Could you reproduce the lines below from the one with "2025 Kia Sorento LX" through the one with "quilling chef"? Keep both ends and add nothing.

→ ENTRIES SHOWN

+--

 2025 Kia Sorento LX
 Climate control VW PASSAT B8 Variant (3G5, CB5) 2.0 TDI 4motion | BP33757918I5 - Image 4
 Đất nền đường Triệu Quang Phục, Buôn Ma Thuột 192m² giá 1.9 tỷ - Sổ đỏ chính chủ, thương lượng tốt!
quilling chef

+--

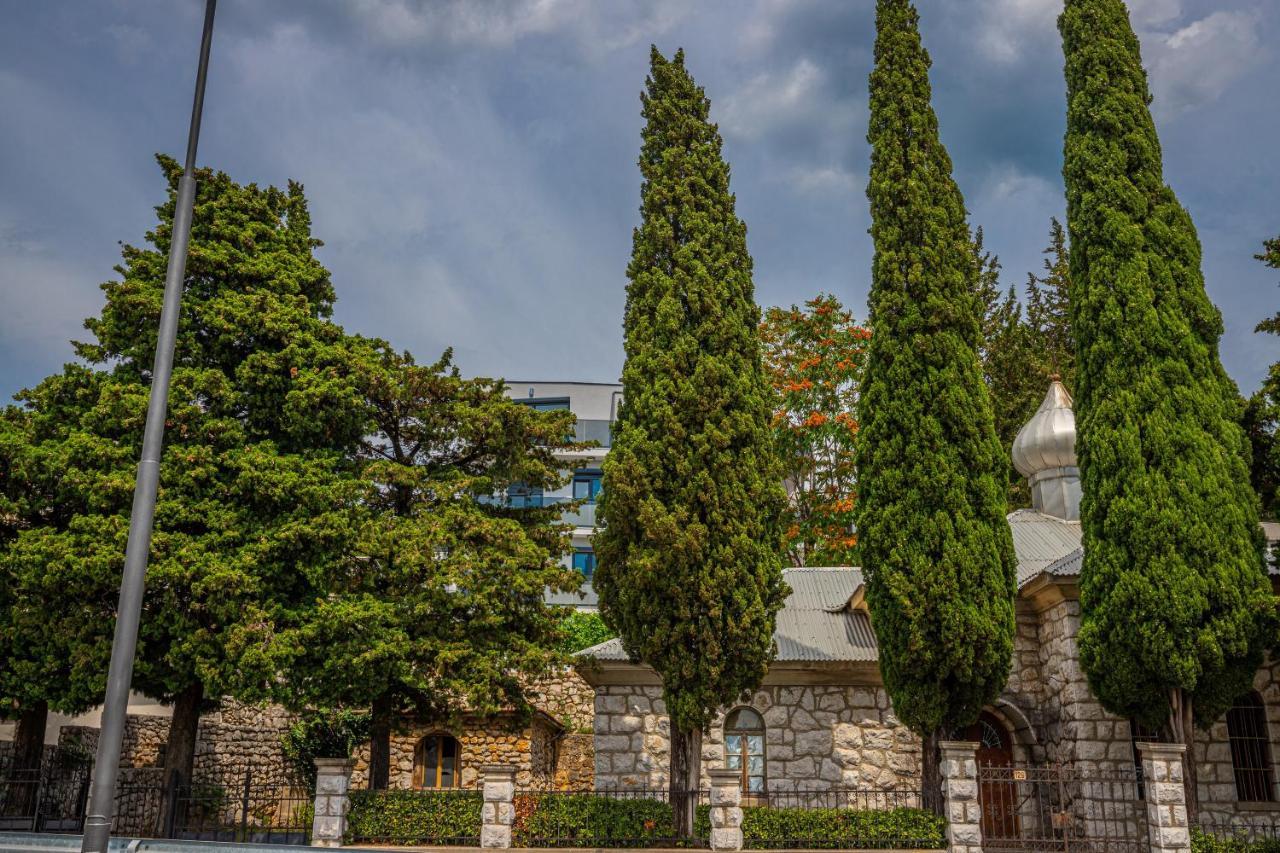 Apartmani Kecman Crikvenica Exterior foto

+--

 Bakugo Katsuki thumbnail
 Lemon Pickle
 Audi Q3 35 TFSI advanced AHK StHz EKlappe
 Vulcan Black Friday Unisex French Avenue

+--

→ ANSWER SPACE
 2025 Kia Sorento LX
 Climate control VW PASSAT B8 Variant (3G5, CB5) 2.0 TDI 4motion | BP33757918I5 - Image 4
 Đất nền đường Triệu Quang Phục, Buôn Ma Thuột 192m² giá 1.9 tỷ - Sổ đỏ chính chủ, thương lượng tốt!
quilling chef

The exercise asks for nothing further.